今日の彼女は良く笑う。病人なのに、学校のときよりもずっと、元気な笑顔で。だからこそ、余計に、俺には、彼女が遠く感じられた。
「もう……分からないんだ」
気づけば、俺は彼女の明るげな言葉に対し、暗い……言葉を吐いていた。そして、その事を取り消す気にもならなかった。
そんな俺を、そばにいる陽が心配そうな顔持ちで見つめていたのに、気づく。
「分からないって……何が」
心配そうな声を彼女は出す。一方の俺はと言えば、彼女から隠れるように両の掌で、顔を覆った。
「何もかも……自分の事も……君の事も」
「私?」
「なんで……君はそんなに元気なんだ。もうすぐ死ぬって言うのに……振られたって言うのに……何で……何でそんなに平気なんだ」
歯噛みしながら、俺は喋る。
もう、世間体だのなんだのを、気にする余力すら残ってない。ただ……心に浮かんだ言葉を俺は口にする。

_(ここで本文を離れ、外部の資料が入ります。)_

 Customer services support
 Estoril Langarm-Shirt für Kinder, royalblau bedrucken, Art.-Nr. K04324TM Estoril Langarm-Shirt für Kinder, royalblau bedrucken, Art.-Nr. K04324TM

彼女の顔を見てないから、だからこの時彼女がどんな表情をしていたかは分からない。ただ、優しい声だったなと、後から思った。
「平気……多分、それは私が受け入れているからだよ」
「受け入れてる……?」
「そっ、受け入れてる」
間を一旦空けた後、彼女は言葉を吐いた。
「最善じゃないよ。私だって死にたくないし、それに……広と付き合ってみたかった、両思いになりたかった、でもね……それはあくまで最善であって、現実は違う。私は死ぬし、広に振られたりもした」
「……辛くないのか」
「辛かったよ。それこそ昨日はいっぱい泣いちゃったし。でも……だからって、幸せがなくなったわけじゃないの」
「……幸せ?」
「うん、広も添ちゃんも結も、そして見治も。私にはみんながいるから……それに、こうして見治と今、腹を割って話せるしね」
……多分、彼女は笑ってるんだろう。死ぬ運命を、振られた現実を受け入れて、彼女は笑う。今ある幸せを享受する。
俺は……笑えるんだろうか。これから先、彼の前で笑顔を見せられるんだろうか。
分からない……ただ、彼女のように笑っていたいとは、思った。